If you followed this procedure, you probably noticed that pretty much everyone eating was hunched over butane burner-mounted rectangular hotel pans filled with whole fish, half submerged in a burbling lava of hot red oil, Sichuan peppercorns, red chiles, Chinese celery, and whole garlic cloves. This is the house specialty, "grilled fish hot pot." And by "grilled" they mean fried: that would be your choice of catfish or grass carp at $8.95 to $10.95 per pound, respectively.*

Of the latter: yes, that's one species of the dreaded, invasive Asian carp terrorizing our waters to the south, though not the more common silver or hideous bighead carp (the ones that can knock you out of your boat).

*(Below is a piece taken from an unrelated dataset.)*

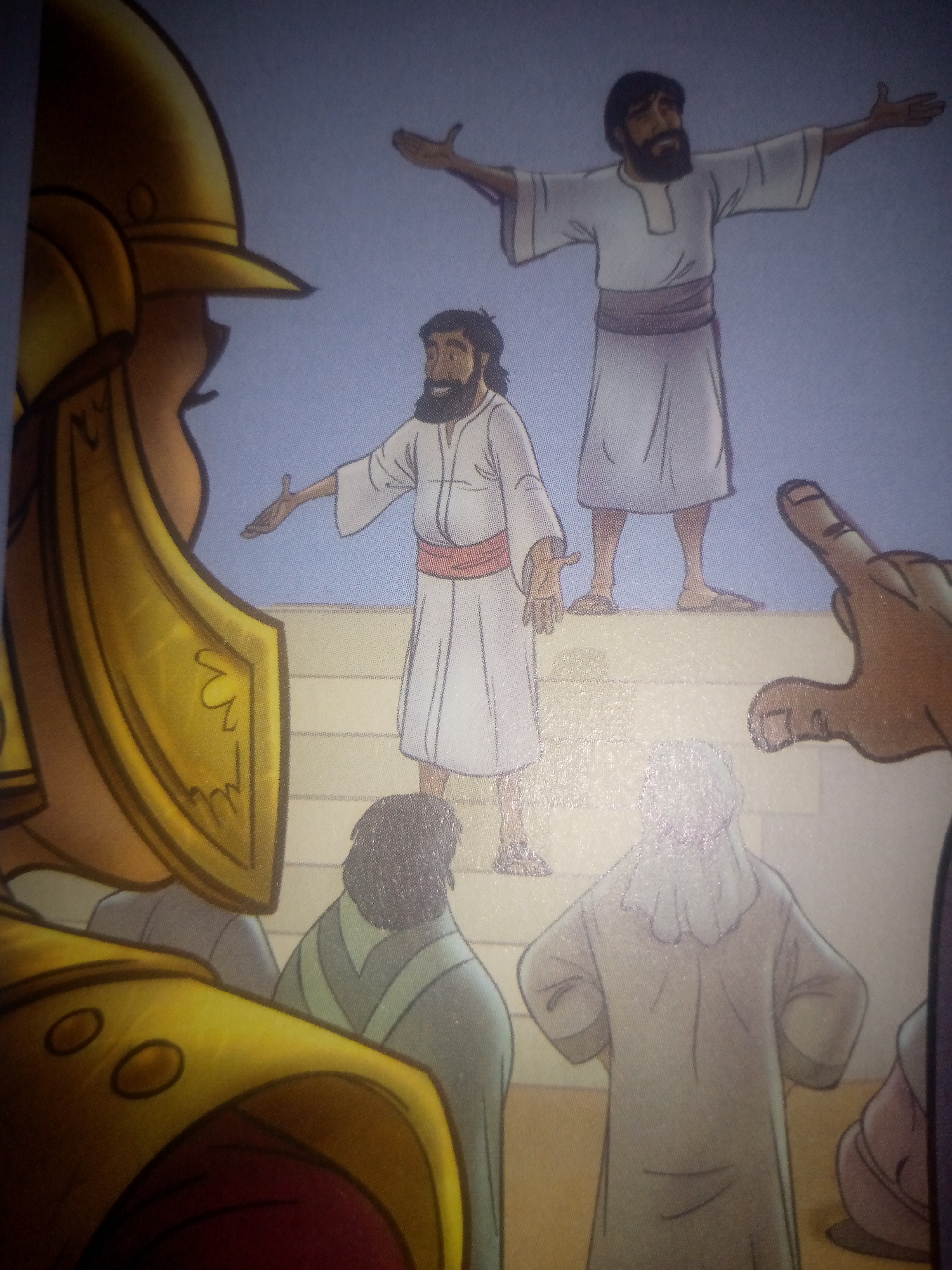 The image depicts a scene with several people in what appears to be an outdoor setting with a light blue sky. In the foreground, a person in golden armor, including a helmet, is partially visible from the left side of the frame, facing away from the viewer. To the right of this armored figure, another individual is seen from behind, wearing a robe with green and gray stripes.
Further back, on a raised platform or steps, two men are the central figures. Both are wearing white robes with a sash around their waists. The man on the left is gesturing with his left hand. The man on the right has his arms outstretched. Behind them, several other figures in robes are present, some with their backs to the camera, suggesting a crowd or gathering. A prominent brown hand with an extended index finger is visible in the mid-right of the frame, pointing towards the scene. The overall impression is of a narrative illustration, possibly from a religious or historical context.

I don't know if they're serving Illinois carp at Ma Gong La Po, but forget all the unfavorable things you've heard about the alleged muddy, dirty taste of these creatures—which are, after all, hugely popular in the East, so much so that the Chinese will soon be importing them from a new processing plant in downstate Grafton. Wherever they're coming from, this is an incredibly clean, fresh tasting fish. You might expect an aquatic creature that's first been fried, then subjected to the kind of hot oil treatment reserved for besieged castle walls, might become tough and overcooked. Not these. The silky flesh pulls away cleanly from the significant skeletal structure. Oh, you'll get your fingers sticky picking a few bones out of your teeth, but it's worth it for the hot and sour, tingly ma la buzz this dish offers, which also imparts itself to the optional add ins, such as tofu, cabbage, sweet potato noodles, enoki mushrooms, and more.

optional garnishes

Ma Gong La Po's menu has recently been translated into English, so if you can't read Mandarin it's much easier to navigate other offerings, which include dumplings, noodles and northern-style "shredded pancakes," and a not atypical selection of cold appetizers like silky tofu with preserved duck eggs, rabbit in chile sauce, or smoked beef—the thinly sliced cold tripe taste likes licking a nine-volt battery. There's also a bakery case up front, full of the usual pastries, and also some very interesting "chicken cookies" (more on those some other time). Other hot pots—including beef, lamb, chicken, vegetarian, or the intriguing "gluttonous frog"— seem to place second in popularity.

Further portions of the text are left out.